Pretty girl. Don't see much Saddlebred in her, though.

Is she registered as a NSH as well as Half Arabian?


----------



## Wolfetrap (Jan 7, 2013)

TOOOOOOOO CUTE!!!!! Had a great head and neck!!!!!!! She should be in a picture!! Congrats!


----------



## LeynaProof (Jan 3, 2013)

Speed Racer said:


> Pretty girl. Don't see much Saddlebred in her, though.
> 
> Is she registered as a NSH as well as Half Arabian?


Thank you.  She is actually 15/16 Arabian. Her dam is half Arabian half Saddlebred and her sire is purebred Arabian.


----------



## LeynaProof (Jan 3, 2013)

Wolfetrap said:


> TOOOOOOOO CUTE!!!!! Had a great head and neck!!!!!!! She should be in a picture!! Congrats![/QUOTE
> 
> I love her neck too! That was one of the things i liked most about her when i went to go look at her. Thank you!


----------



## Speed Racer (Oct 21, 2009)

LeynaProof said:


> Thank you.  She is actually 15/16 Arabian. Her dam is half Arabian half Saddlebred and her sire is purebred Arabian.


Doesn't matter her percentage of Arabian blood. If she's not purebred, she can only be registered Half Arabian.


----------



## LeynaProof (Jan 3, 2013)

I never said she was registered pure. I know that, but thank you. You said you did not see much Saddlebred in her and i was explaining why.


----------



## Critter sitter (Jun 2, 2012)

very pretty girl


----------



## LeynaProof (Jan 3, 2013)

Thank you, Critter.


----------



## Cacowgirl (Feb 19, 2011)

She's gorgeous! Good luck on your ride.


----------



## LeynaProof (Jan 3, 2013)

Cacowgirl said:


> She's gorgeous! Good luck on your ride.


Thank you! I will.


----------



## GallopingGuitarist (Jan 8, 2013)

She is perfectly lovely! I'd ride her in a heart beat!  Tell us how you do on your ride!


----------



## LeynaProof (Jan 3, 2013)

GallopingGuitarist said:


> She is perfectly lovely! I'd ride her in a heart beat!  Tell us how you do on your ride!

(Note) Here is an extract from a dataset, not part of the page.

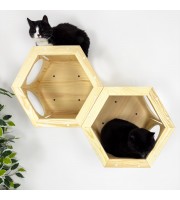 Hexagon wooden wall bed for cats – modern furniture for kittens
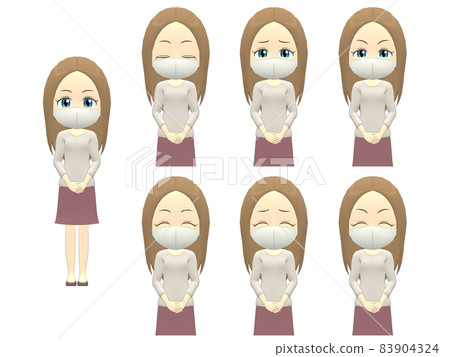 [Facial expression A] Caucasian female knit straight front 83904324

 Thank you! And i certainly will let y'all know.


----------



## Endiku (Dec 6, 2010)

What a pretty girl! We have a lovely ASB/Arabian mare as well, but she's a tank somehow  not all refined like your girl. I'm not sure I'd believe she was that cross if I didnt see her NSH registery. She's duck hoofed though, unfortunately, so she's really only pasture sound no matter what we do.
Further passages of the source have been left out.